▶ _Data items_

____________

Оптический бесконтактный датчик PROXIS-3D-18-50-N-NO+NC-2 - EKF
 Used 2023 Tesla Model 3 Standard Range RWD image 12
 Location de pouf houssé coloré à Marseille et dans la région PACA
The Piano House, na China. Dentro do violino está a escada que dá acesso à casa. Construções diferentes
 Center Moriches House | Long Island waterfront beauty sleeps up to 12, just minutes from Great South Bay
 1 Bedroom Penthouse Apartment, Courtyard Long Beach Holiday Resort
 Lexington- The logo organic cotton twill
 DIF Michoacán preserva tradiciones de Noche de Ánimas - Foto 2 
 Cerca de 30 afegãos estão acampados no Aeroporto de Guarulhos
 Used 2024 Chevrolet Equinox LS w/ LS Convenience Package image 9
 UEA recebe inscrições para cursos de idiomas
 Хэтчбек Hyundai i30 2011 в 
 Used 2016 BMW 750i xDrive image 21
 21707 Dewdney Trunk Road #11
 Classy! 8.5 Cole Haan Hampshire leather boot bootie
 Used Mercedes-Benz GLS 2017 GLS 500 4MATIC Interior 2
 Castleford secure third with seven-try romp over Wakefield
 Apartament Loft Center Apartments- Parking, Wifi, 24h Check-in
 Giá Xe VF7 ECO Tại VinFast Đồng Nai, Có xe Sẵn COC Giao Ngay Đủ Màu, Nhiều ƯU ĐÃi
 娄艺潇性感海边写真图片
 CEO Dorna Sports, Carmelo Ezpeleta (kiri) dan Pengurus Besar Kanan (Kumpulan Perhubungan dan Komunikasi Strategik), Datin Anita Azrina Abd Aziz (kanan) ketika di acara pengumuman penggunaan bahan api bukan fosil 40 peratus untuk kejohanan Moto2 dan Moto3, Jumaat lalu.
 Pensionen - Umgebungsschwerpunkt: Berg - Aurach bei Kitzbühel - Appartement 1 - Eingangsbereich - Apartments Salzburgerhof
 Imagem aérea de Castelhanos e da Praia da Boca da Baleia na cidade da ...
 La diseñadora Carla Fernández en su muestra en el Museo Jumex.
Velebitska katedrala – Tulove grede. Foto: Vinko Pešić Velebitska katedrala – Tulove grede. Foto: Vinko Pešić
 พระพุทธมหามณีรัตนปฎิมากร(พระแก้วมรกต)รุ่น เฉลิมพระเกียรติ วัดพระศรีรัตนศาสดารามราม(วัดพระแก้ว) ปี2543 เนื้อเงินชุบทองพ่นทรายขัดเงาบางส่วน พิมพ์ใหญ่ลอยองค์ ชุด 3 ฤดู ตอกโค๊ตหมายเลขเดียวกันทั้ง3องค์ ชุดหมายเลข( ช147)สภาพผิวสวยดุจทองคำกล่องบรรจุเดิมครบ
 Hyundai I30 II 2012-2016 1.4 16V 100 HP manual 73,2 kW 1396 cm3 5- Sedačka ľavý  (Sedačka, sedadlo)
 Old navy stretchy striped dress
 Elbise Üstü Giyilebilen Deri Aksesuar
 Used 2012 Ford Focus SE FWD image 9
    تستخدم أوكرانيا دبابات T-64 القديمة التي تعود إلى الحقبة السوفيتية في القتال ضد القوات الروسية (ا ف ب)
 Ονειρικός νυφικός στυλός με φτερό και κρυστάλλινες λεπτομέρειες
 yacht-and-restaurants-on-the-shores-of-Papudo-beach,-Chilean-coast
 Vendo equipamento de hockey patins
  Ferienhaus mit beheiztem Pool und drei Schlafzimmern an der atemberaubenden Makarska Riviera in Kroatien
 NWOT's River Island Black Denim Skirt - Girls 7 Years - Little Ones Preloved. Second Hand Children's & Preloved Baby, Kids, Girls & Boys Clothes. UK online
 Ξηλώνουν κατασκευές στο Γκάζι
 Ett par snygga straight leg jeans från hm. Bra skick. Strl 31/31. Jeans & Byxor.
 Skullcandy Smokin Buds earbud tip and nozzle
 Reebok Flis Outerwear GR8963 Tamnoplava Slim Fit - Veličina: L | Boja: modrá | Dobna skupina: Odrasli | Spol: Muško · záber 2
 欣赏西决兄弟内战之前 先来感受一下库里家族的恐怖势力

____________

Retype exactly. Start at the line with "Ξηλώνουν κατασκευές στο Γκάζι" and stop at the last line of the data.

▶ _Result of this task_
 Ξηλώνουν κατασκευές στο Γκάζι
 Ett par snygga straight leg jeans från hm. Bra skick. Strl 31/31. Jeans & Byxor.
 Skullcandy Smokin Buds earbud tip and nozzle
 Reebok Flis Outerwear GR8963 Tamnoplava Slim Fit - Veličina: L | Boja: modrá | Dobna skupina: Odrasli | Spol: Muško · záber 2
 欣赏西决兄弟内战之前 先来感受一下库里家族的恐怖势力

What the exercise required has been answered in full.